GFMC: Environmentalists sue Over Russian President’s Decree (United Press International, 22 August 2000)

Environmetalists sue over Russian President’s Decree

United Press International, 22 August 2000


A Russian environmental-law group has filed a lawsuit asking Russia’s Supreme Court to invalidate a decree signed by President Vladimir Putin in May abolishing the government’s State Committee on Environmental Protection and the Russian Forest Service, an international legal organization said Tuesday.

The decree transfers the agencies’ functions to the Ministry of Natural Resources.

The suit was brought by the group Ecojuris Institute on behalf of several Russian environmental protection organizations and charges that Putin’s May 17 decree violates several articles of the Constitution, including the public’s right to a healthy environment, and violates federal law.

The environmental groups have protested the closing of the state committee and the transfer of its powers. The Ministry of Natural Resources is primarily responsible for issuing licenses and permits for large-scale oil and gas development and commercial exploitation of Russia’s natural resources, including mining, logging and use of water reserves.

The ministry has set up an “environmental impact” office to conduct assessments of environmental impact — meaning that the same body will both issue licenses for activities potentially damaging to the environment and assess whether damage has been done.

The ministry’s powers have also been expanded, giving it the power to approve permits to import and dispose of radioactive waste, a lucrative business for Russia.

Russian environmentalists point out that the state committee last year denied approval of documents presented by U.S.-based oil giant Exxon because the company planned to dump waste from oil-drilling activities in the sea.
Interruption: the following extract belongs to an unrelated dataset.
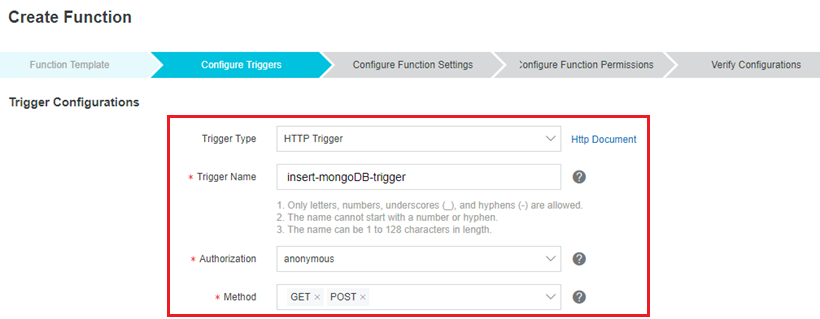 Configure triggers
After Exxon complained to the Russian government that the committee was creating an “unjustifiable delay” to the development plans, the government approved a waiver of the environmental law.
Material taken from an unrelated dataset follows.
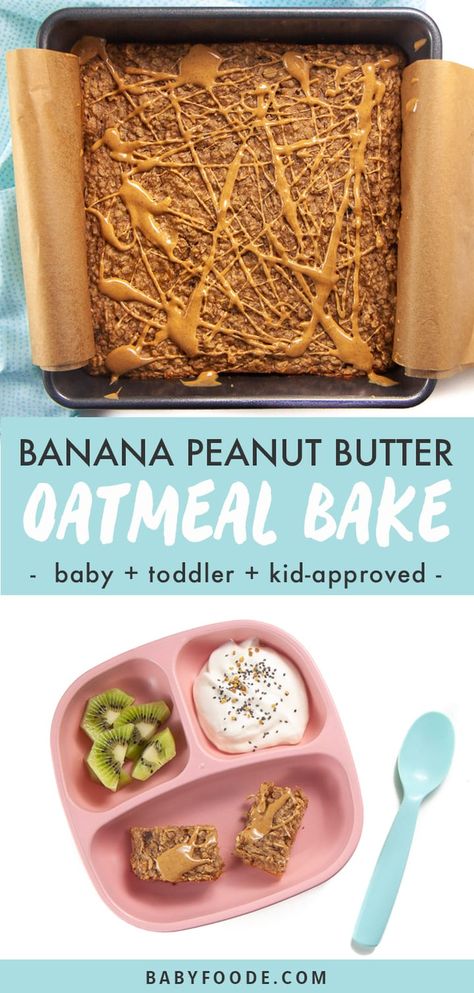 Banana Peanut Butter Oatmeal Bake: a fun, easy and wholesome breakfast or snack that kids of all ages will love! Plus this Oat Bake is made with pantry staples, in one-bowl and with a prep-time of less than 10-minutes! #toddler #kid #breakfast #pantry Peanut Butter Oatmeal Bake, Oat Bake, Wholesome Breakfast, Peanut Butter Oat, Oatmeal Bake, Oatmeal Banana, Banana Peanut Butter, Toddler Breakfast, Peanut Butter Oats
Ecojuris urged the Russian Supreme Court to overturn the waiver, and the court granted the request.

According to Erika Rosenthal of the Earthjustice Legal Defense Fund, the international group that announced its Russian counterpart’s lawsuit, the challenge to the waiver granted to Exxon “marked the first time that Russian citizens demanded successfully that their government apply environmental laws to transnational corporations.”

“Exxon believed they were above the law, but the Supreme Court showed that democratic institutions have taken root in Russia,” Rosenthal said in a statement. “The current suit gives the court the opportunity to demonstrate that President Putin, too, must abide by the rule of law, and to uphold citizens’ constitutional rights to a healthy environment, and to participate in environmental decision-making.”